Latest revision as of 13:49, 2 June 2014

[edit] Stack Unwinding

[edit] HP unwinding information

Following HPUX, all proper PA-RISC Linux functions are generated with unwind information. The runtime documents (e.g. http://ftp.parisc-linux.org/docs/arch/pa-runtime-32-SOM.pdf) describes this in some detail.

Essentially, each binary contains an ELF section named .PARISC.unwind which contains unwind records for each function in an executable. The unwind record contains, amongst other things, the start and end addresses of a function, the size of the stack frame created when this function is called, and some flags which indicate the layout of the stack frame. Thus, to unwind regular functions, it is typically sufficient to consult the unwind record of the present function, and adjust the stack pointer and instruction pointer based on the information stored in the unwind record and the current stack frame.

[edit] DWARF2 Unwinding

The HP unwinding infrastructure is used by gdb as the main unwinding method; however, the PA-RISC linux toolchain also supports dwarf2 unwinding. Recent versions of gcc can generate dwarf2 records for exception handling. This is used by various languages (e.g. C++, java) to unwind the stack when an exception happens. (TODO: explain the dwarf2 unwinding mechanism here).

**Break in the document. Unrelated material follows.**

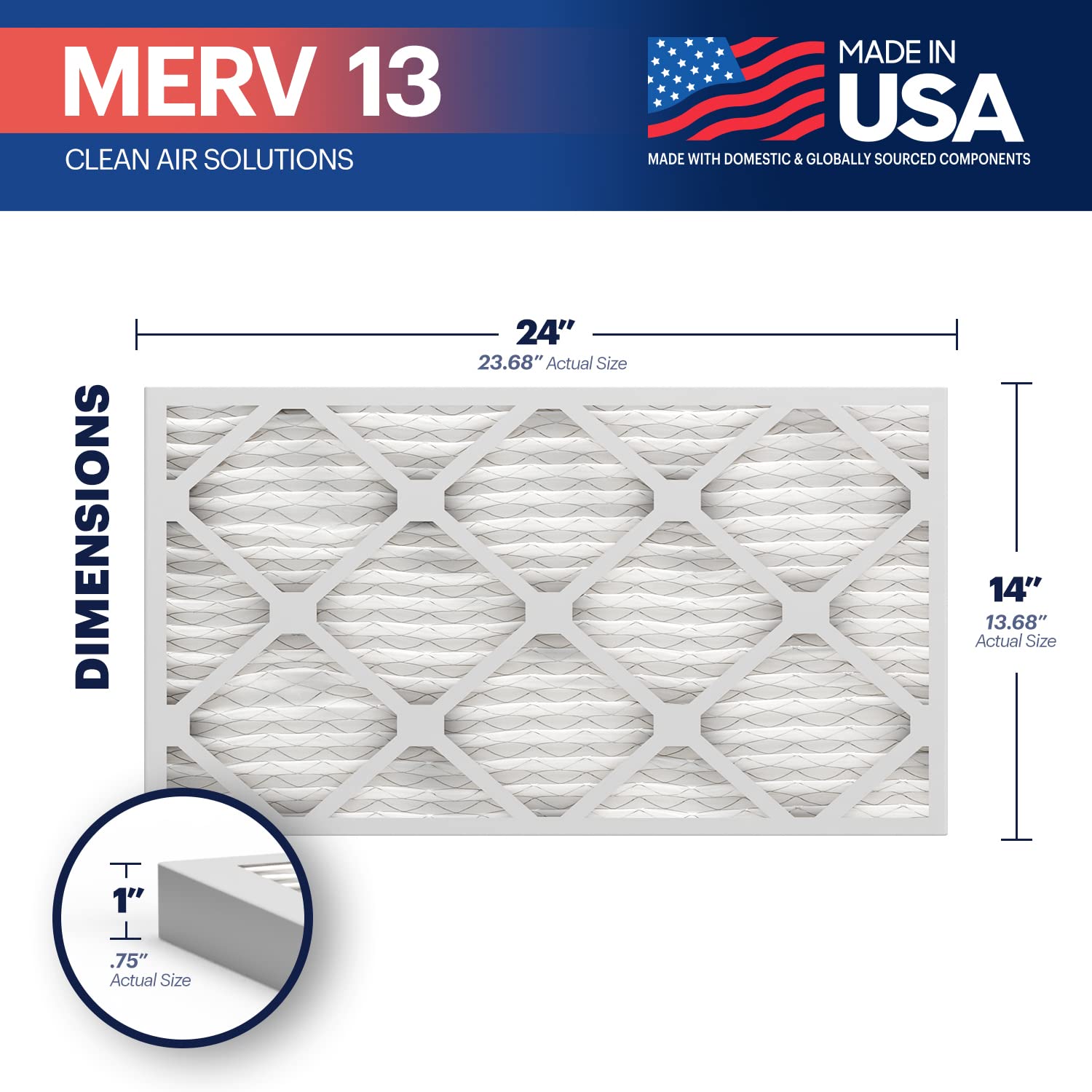BNX TruFilter 14x25x1 Air Filter MERV 13 (6-Pack) - MADE IN USA - Electrostatic Pleated Air Conditioner HVAC AC Furnace Filters for Allergies, Pollen, Mold, Bacteria, Smoke, Allergen, MPR 1900 FPR 10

[edit] Signal Frame Unwinding

Some applications also need to be able to unwind through a signal frame. As is the case for several other architectures, this is done in a rather ad-hoc way by examining fixed locations in the stack. The kernel lays down a specific signal frame when a signal handler is called. The signal frame contains the values of all the registers that were saved when the signal was triggered. By decoding the signal frame, it is possible to determine which function was being called when the signal was delivered.

In order to determine if one is currently in a signal frame, the instructions pointed to by the return pointer of the signal handler can be examined. With a 2.4 kernel, the return pointer should point directly at the signal trampoline, which is 4 words in length.

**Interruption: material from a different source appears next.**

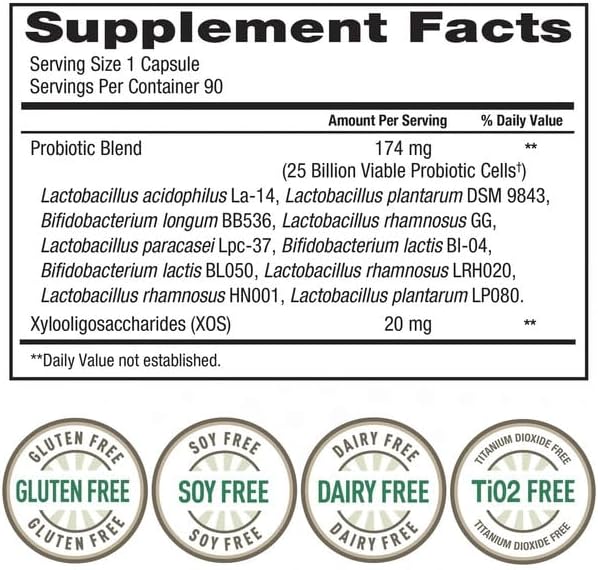 Trues N' Nature Women's Daily PROBIOTIC 90 Capsules, 25 Billion Cells Vegetarian Probiotics for Digestive Health 90 Count, 90 Day Supply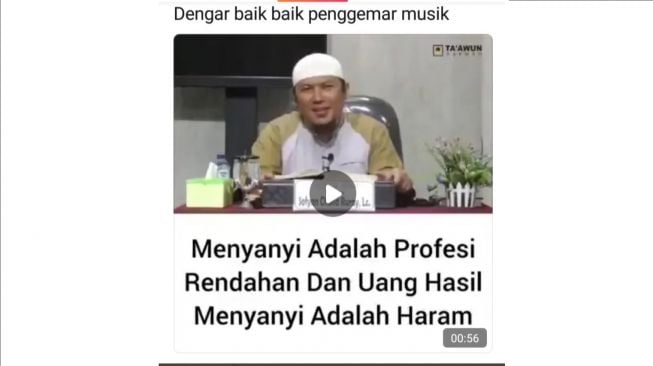 Viral Video Ustaz Sofyan Chalid Ruray Sebut Profesi Penyanyi adalah Haram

In 2.6 kernels there are two trampolines, one for restartable syscalls and the other for signals. The signal trampoline is still 4 words in length, and the return pointer points at the 5th word in the trampoline structure. (Early versions of the 2.6 kernel had a bug where the rp would point to the 4th word, this was fixed in 2.6.5-rc2-pa4).

The signal return trampoline contains the following instructions:

       3419000x ldi 0, %r25 or ldi 1, %r25   (x = 0 or 2)
       3414015a ldi __NR_rt_sigreturn, %r20
       e4008200 be,l 0x100(%sr2, %r0), %sr0, %r31
       08000240 nop
 

Some good references of how to do signal frame unwinding can be found in the gcc source code (gcc/config/pa/pa32-linux.h) and in the gdb source code (hppa-linux-tdep.c)

[edit] Virtual Dynamic Shared Objects (vDSO) and signal frame unwinding

There is recent development of a patch that has the kernel generating a DSO in memory and mapping this into every process space. The DSO is added to the glibc search path, has unwind information, and provides entry points for all types of trampolines. Thus gdb need not have any special case handling code for unwinding. The return pointer in the signal handler will point to a virtual DSO instead of the stack, and gdb will use the stored DWARF2 or PARISC.unwind information.

This is highly experimental as of February 2005. The vDSO is also able to provide optimized function calls that can override glibc functions. This is particularly useful for cpu specific gettimeofday or locking primitives.